Task instructions:
Using the entries below, copy out all lines where "with" is found.

Short web captions

= Beginning of Section =

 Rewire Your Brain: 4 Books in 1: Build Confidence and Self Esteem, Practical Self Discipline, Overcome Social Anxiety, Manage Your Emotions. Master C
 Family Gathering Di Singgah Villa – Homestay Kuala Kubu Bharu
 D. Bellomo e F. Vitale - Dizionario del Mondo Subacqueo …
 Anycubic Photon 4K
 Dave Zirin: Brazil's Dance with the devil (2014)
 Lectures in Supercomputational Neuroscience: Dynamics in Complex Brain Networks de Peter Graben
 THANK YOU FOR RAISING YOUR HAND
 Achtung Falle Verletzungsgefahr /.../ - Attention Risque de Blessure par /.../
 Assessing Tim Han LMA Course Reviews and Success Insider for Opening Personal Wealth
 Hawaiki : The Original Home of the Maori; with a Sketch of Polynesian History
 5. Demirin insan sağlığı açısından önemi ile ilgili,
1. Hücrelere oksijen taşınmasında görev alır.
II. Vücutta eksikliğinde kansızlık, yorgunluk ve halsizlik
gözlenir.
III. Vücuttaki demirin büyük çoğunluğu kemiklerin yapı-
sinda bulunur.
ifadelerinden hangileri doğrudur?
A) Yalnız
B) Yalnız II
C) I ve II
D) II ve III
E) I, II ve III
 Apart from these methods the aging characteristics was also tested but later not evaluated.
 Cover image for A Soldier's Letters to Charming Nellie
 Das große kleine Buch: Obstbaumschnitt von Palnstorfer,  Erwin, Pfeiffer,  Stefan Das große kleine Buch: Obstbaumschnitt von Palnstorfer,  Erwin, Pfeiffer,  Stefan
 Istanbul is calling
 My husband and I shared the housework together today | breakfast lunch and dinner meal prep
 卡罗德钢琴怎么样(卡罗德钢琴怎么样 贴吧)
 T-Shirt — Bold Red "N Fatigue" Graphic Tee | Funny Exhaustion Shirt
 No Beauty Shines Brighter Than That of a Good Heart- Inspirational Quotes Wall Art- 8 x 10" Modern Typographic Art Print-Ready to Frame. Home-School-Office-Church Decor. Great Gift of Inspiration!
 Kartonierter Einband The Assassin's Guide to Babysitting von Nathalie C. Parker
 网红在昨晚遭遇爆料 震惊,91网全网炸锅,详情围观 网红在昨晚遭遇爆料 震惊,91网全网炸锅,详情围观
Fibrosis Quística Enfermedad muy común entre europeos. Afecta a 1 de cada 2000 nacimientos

= End of Section =

Your solution:
 Dave Zirin: Brazil's Dance with the devil (2014)
 Hawaiki : The Original Home of the Maori; with a Sketch of Polynesian History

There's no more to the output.